- Born: Alana Michelle Josephs November 23, 1989 (age 36) Forest Hills, New York
- Genres: Hip hop
- Occupations: Rapper, Singer
- Years active: 2004–present
- Labels: Innovators & Aviators
- Website: http://lanzpierce.com

= Lanz Pierce =

American singer (born 1989)

Alana Michelle Josephs (born November 23, 1989), better known under her stage name Lanz Pierce, is an American rapper, singer, songwriter and recording artist. She was born in Queens, New York and raised in New Jersey.

== Early life ==
Born in Queens, New York to parents Andrea Josephs, an insurance broker, and Michael Josephs, an attorney, her path towards hip-hop was shaped by her parents' acrimonious divorce when she was six years old. At age 11, she began composing rhymes, influenced by male role models in the industry such as Tupac Shakur, Eminem, DMX, and Nas. Her female influences include Missy Elliott and Lil Kim. Pierce dropped out of school at age 14 and fought for recognition on stage through the underground hip-hop scene. In 2003, Pierce called Quad Studios in Midtown Manhattan numerous times, eventually appearing at its office in person. After impressing the manager with her rhymes, she received an internship but remained an unsigned artist.

== Career ==
In February 2006, Pierce signed with Interscope, following an acclaimed performance in Chicago at Lollapalooza on the BMI showcase stage.
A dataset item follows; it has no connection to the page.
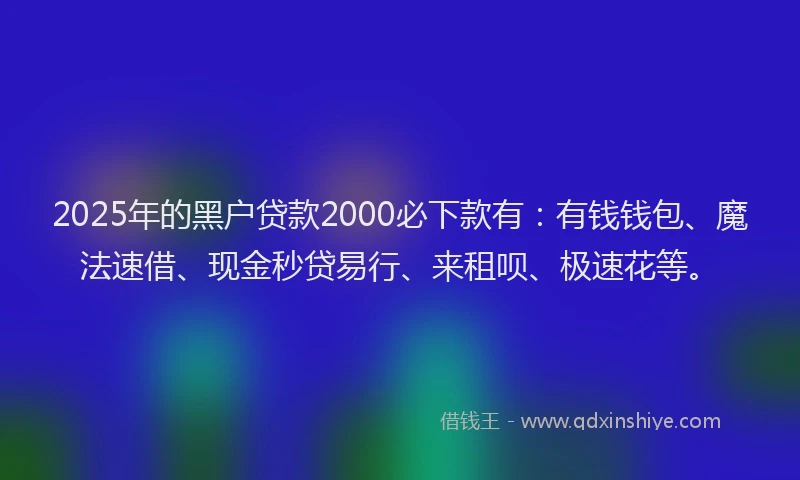 2025年的黑户贷款2000必下款有：有钱钱包、魔法速借、现金秒贷易行、来租呗、极速花等。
As a songwriter, she contributed to the works of Three 6 Mafia, Focus, Stargate, JR Rotem, Organized Noize, Emile and Syience.

In March 2013, Pierce released first independent EP released her first album, Point of No Return on her own independent label, Innovators&Aviators, which was distributed by Empire.

== Discography ==
Albums
- Los City (2017)

- Editors Eye (2015)

Eps
- Point of No Return (2013)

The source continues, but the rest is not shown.